For years, Arlington, Texas was the largest city in the country with no public transit. Now, residents may be wondering how they ever got along without it.

Ridership on the city’s new bus line the MAX (Metro Arlington Express) has far outpaced expectations since service began last month. About 250 riders per day are paying $5 to take the bus, which runs between the University of Texas-Arlington campus and a commuter rail station about ten miles away, outside the city limits.

It’s too early to tell what the long-term impact of the MAX will be, but the service’s early success begs a question: if sprawling, conservative Arlington was considered the least likely place for a bus system, then why is the new bus so popular?

What the success of Arlington’s MAX bus reveals is a major problem in the way some metro areas—particularly the fastest-growing ones in the small-government South—go about deciding where their buses and trains will run.

As it stands, it’s a process that can easily mask real demand for good public transportation. And the way the MAX is designed to address this issue is arguably more important to the future of public transportation in car-dependent cities than the bus itself.

A Texas-Sized Problem

At its core, Arlington’s longstanding lack of public transit stemmed from a basic problem: an unwillingness to think regionally.

Regionalism” is thrown around a lot these days, but the underlying concepts aren’t difficult to understand.

In sprawling North Texas, most people who live in Arlington work in a different city. Likewise, many people who work in Arlington—from the janitors at the university to the Dallas Cowboys coaches—don’t live there.

Driving in the area can be miserable (the Metroplex ranks third in the country in time wasted sitting in traffic). The obvious solution would be a transit system seamlessly linking Dallas, Fort Worth, the airport and the suburbs.

In reality, of course, there’s no city in the U.S. actually offering such a unified system of public transportation. Even in transit-dependent New York, there are still half a dozen rail systems serving the city, each with different equipment, labor unions and fares.

In the New York area, though, the vast majority of people have access to some sort of public transportation, which, in areas served by the MTA, they finance indirectly through a complex system of state-administered funds and taxes.

In Texas, on the other hand, there’s no state funding for local bus and rail systems. Cities have to raise their own money through sales taxes and fares (with the federal government pitching in a bit, as well).

But Texas also restricts the amount of money local governments can raise on their own, by limiting cities to having no more than a 2 percent sales tax.

Since most cities in Texas already levy the maximum tax, this system virtually guarantees wealthier suburbs won’t join regional transit agencies. Elected officials in places such as Arlington have no incentive to fund Dallas Area Rapid Transit (DART) if doing so will slice their own government’s tax revenues in half. (DART requires a 1 percent contribution from its member cities.)

So when Dallas-area voters have a referendum on whether to join DART, they’re essentially forced to choose between their own cities’ fiscal solvency and the bus system. Little surprise, then, that while there are 13 member cities in DART, many more eligible cities have shown no intention of joining.

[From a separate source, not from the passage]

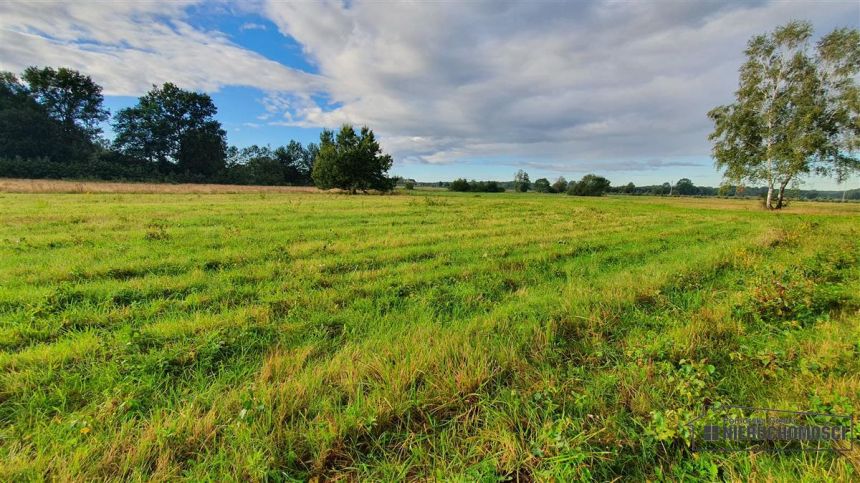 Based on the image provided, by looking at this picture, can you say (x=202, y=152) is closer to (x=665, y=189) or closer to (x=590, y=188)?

This is not a problem unique to Texas. Just ask residents of suburban Atlanta, another booming region of the country. Only two of the area’s five core counties are part of MARTA, the metro Atlanta transit agency, due in large part to an unwillingness to give MARTA tax money. Attempts to start independent bus services have met with limited success. In 2010, one county, Clayton, shut down its bus system entirely because it cost too much to run.

Hope for the Future

With the MAX bus, however, Dallas officials may have finally found a way to break out of the vicious circle of highly localized decision-making.

Try-before-you-buy public transit.

For now, the university, local businesses and the Arlington city government will split the $700,000 annual cost of running the bus. Arlington has four years to hold a referendum on whether to pay the 1 percent tax. If the referendum fails, the city will lose the MAX service.

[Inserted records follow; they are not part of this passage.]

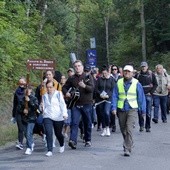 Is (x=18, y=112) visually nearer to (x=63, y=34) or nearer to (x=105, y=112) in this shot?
(x=105, y=112)

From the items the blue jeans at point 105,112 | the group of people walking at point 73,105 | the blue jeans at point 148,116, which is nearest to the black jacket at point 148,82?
the blue jeans at point 148,116

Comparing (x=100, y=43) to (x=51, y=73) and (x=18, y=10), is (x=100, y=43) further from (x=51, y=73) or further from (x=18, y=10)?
(x=51, y=73)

It’s an inspired idea because it shows there’s a way to encourage the sort of regional transit thinking racial, jurisdictional and socioeconomic divides have so far prevented in cities such as Dallas and Atlanta.

As the early ridership figures demonstrate, existing demand will make it much harder for Arlington voters to refuse joining DART once they’ve already been exposed to the benefits of having bus service.

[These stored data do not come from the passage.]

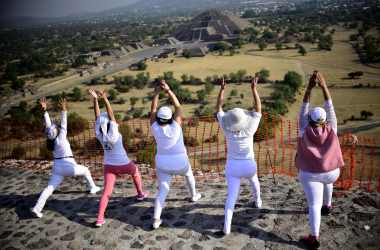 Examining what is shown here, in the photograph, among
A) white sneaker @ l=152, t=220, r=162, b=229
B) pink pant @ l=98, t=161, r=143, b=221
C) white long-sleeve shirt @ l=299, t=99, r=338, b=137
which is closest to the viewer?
white long-sleeve shirt @ l=299, t=99, r=338, b=137

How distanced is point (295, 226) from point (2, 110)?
102ft

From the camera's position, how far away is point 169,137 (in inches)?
190

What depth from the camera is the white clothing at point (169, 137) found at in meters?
4.82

What’s more, it points to a potential new role for the Federal Transit Administration, which today exists mostly to fund new transportation infrastructure rather than transit service itself.

The early success of the MAX bus has revealed a hidden demand for public transit in suburbs across the country. If places like Arlington could be pinpointed and targeted for new bus service, the federal government could reap a large economic gain on a relatively small investment.

Too many suburbs pride themselves on a lack of public transit. But as Arlington’s example shows, they don’t know what they’re missing—and whole regions are suffering as a result.